I’d take option #1 and invest it. At 7% annualized return, you’re looking at $162k in 26 years, which, with a 4% annual withdrawal rate, will churn out $6480 per year, or $540 per month. And your wife and kids will get it if anything happens to you (hopefully, nothing bad will happen to you). It will also continue growing in perpetuity. Woohoo! How exciting for you!
Q-FI says
There we go… throwing out some real numbers. I love it! Thanks for chiming in Miss Camel! And all very good points.
You deserve the praise and keep up the great work over there. I always enjoy reading and when this letter came, the first thing I thought of was your Financial Porn segment and this would be a good situation to share with FI folks.
FullTimeFinance says
Honestly I’d have to think about option 1 or 3. It comes down to my taxes will be much lower when assets hit for 3, but I could probably get a better return on 1 in stocks.
If you are at large Corporation I wouldn’t worry much about solvency since the Fed has your back. I tend to look at my pension as part of my bond allocation valued at npv. When compared to today’s bond rates it throws me back to keeping the pension. But those rates won’t stay low forever.

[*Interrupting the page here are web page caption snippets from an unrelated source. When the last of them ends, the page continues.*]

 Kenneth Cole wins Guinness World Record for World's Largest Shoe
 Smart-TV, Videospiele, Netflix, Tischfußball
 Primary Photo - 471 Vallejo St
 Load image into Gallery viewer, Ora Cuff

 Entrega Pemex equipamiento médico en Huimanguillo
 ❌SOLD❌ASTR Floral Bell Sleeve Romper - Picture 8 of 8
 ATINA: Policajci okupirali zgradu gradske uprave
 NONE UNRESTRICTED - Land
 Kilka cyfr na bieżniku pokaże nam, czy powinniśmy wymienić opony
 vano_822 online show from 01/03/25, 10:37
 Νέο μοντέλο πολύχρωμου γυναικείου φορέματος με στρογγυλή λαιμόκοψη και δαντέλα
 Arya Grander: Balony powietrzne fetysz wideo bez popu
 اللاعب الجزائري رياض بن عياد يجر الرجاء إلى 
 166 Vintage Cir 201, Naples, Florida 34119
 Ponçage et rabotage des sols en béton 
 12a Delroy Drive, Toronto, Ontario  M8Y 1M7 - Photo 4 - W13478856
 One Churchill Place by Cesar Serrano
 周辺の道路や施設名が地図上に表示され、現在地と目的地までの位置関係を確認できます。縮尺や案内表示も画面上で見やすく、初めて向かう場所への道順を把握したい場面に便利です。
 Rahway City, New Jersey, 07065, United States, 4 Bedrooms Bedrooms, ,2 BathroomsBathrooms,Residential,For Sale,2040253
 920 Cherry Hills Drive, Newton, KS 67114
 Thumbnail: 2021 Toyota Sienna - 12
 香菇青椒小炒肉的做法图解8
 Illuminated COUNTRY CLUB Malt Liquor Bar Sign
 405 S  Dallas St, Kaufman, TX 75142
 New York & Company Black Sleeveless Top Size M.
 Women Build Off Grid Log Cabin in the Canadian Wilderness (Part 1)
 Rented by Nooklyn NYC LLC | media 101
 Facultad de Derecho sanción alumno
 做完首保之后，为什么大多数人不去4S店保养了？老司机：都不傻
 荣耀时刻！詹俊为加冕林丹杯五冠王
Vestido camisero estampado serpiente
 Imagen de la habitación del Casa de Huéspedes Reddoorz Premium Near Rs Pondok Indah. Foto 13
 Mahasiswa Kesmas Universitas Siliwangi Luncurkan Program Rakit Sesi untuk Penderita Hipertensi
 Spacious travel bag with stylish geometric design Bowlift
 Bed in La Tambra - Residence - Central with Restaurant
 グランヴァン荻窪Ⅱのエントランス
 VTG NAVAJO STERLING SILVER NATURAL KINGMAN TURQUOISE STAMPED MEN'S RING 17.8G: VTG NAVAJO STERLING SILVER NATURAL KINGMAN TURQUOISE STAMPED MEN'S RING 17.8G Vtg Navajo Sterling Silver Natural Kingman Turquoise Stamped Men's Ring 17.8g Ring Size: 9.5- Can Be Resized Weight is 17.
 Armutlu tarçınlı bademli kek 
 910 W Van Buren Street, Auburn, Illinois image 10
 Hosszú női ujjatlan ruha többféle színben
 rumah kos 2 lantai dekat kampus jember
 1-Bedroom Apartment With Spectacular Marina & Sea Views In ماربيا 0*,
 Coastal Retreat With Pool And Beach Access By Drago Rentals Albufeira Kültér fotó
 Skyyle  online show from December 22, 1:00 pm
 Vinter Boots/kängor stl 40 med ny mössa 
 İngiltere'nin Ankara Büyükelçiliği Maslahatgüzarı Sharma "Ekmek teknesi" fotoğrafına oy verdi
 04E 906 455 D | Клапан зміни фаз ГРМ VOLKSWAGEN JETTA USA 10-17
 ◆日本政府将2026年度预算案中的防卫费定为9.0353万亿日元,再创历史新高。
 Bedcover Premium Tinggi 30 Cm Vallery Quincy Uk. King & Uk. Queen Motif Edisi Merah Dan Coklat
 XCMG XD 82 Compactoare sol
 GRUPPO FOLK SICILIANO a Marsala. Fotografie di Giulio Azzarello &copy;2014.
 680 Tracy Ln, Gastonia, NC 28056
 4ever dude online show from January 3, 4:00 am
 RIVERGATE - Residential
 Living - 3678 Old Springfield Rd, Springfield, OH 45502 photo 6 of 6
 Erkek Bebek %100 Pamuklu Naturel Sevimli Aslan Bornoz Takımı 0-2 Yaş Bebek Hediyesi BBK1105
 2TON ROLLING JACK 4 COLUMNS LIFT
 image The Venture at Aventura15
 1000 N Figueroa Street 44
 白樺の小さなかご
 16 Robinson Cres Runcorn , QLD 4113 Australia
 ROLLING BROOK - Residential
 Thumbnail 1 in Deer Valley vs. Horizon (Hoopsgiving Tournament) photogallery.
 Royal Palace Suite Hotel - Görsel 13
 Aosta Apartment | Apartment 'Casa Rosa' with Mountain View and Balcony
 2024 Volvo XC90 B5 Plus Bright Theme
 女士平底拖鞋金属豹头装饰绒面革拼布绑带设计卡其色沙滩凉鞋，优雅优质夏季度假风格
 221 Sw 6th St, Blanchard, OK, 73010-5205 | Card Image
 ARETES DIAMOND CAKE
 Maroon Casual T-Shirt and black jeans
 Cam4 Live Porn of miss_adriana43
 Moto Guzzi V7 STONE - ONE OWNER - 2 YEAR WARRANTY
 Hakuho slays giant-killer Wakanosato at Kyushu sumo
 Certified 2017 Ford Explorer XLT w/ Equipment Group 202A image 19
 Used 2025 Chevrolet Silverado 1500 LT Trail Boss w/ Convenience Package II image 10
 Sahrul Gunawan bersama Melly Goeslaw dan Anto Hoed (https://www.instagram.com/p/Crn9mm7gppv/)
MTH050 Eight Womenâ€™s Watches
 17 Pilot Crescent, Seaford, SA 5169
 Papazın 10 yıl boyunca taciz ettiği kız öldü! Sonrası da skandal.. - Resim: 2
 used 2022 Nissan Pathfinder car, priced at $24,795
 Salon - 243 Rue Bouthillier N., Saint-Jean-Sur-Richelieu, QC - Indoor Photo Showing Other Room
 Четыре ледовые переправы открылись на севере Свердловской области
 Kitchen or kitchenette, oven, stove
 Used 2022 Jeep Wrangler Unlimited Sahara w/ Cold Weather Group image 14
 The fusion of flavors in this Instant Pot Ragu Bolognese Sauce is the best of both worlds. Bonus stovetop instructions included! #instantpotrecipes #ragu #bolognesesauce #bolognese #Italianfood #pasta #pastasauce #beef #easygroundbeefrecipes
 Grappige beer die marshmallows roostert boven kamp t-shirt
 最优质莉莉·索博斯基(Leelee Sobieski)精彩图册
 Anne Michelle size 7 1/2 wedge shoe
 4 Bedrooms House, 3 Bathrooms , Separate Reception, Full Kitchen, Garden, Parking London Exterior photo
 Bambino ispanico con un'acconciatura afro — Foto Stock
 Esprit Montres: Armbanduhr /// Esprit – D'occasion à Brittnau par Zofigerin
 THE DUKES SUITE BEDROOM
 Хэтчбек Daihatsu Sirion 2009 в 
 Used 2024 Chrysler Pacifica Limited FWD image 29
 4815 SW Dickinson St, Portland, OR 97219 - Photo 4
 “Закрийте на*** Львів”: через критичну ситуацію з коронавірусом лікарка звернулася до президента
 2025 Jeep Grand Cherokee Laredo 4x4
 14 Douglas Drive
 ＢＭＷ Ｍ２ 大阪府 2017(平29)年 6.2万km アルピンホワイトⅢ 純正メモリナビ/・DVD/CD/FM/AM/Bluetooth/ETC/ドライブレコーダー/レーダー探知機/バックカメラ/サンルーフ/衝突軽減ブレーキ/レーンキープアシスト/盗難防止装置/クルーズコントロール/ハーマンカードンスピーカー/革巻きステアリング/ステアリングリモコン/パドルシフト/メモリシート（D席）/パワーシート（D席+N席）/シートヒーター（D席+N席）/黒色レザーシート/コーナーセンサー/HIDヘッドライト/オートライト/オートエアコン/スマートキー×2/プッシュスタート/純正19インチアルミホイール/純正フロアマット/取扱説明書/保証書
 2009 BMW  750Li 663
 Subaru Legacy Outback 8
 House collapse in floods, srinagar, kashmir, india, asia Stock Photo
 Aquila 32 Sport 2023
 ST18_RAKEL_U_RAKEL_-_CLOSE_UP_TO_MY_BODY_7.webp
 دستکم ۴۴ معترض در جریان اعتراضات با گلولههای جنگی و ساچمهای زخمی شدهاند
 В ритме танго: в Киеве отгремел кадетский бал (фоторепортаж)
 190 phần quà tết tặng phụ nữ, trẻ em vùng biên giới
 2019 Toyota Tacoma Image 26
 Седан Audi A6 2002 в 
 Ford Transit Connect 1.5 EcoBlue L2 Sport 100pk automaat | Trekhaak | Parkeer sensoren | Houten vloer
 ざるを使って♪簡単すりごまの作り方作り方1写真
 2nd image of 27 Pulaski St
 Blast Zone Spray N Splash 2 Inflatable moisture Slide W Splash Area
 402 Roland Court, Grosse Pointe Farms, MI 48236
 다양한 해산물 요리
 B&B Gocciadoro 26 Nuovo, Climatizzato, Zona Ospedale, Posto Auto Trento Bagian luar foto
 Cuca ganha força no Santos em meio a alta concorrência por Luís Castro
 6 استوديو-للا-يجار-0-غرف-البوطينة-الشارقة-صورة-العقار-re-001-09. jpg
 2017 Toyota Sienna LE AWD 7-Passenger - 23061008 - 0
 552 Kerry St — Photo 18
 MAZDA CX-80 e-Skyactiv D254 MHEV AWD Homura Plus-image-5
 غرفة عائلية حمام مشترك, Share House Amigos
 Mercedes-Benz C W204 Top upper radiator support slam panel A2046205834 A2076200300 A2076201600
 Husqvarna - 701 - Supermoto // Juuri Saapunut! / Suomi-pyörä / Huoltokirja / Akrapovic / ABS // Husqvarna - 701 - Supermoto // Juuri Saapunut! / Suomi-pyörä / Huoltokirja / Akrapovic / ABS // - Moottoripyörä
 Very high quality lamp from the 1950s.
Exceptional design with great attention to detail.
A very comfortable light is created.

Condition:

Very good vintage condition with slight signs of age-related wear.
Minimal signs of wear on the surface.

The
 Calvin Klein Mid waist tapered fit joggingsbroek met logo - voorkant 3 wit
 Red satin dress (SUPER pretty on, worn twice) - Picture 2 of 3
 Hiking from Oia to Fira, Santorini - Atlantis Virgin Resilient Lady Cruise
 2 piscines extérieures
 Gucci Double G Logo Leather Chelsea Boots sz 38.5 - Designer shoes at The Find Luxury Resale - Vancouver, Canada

I’ve always assumed I’ll one day be forced to make this decision. I have a Corporate pension and so does my wife. I decided that my situation at that time re taxes, income, risk free rate, expected changes in future income etc would drive my decision.
Q-FI says
Two corporate pensions… you’re killing it FTF! Hahaha. I thought I was one of the few w/ a small corporate pension and you put me to shame. I agree w/ the NPV of the bond allocation.
I think the choices also play into what kind of investor you are. If you have high flexibility and are fine with risk then option #1 looks promising, if you don’t like risk and favor certainty, maybe option #3 is better for your conscious and planning wise. Either way it’s not a big decision that is make or break. I thought it’d be a fun little exercise for people to mull over.
Mr. Fate says
I missed this one yesterday. I agree with the others for the same reasons – Option 1 for sure.
Q-FI says
Thanks for chiming in Mr. Fate!
Impersonal Finances says
Katie pretty much nailed it I think, especially if you trust that you’ll invest it appropriately. Thanks for sharing!
Q-FI says
Thanks for offering your two cents Impersonal Finances!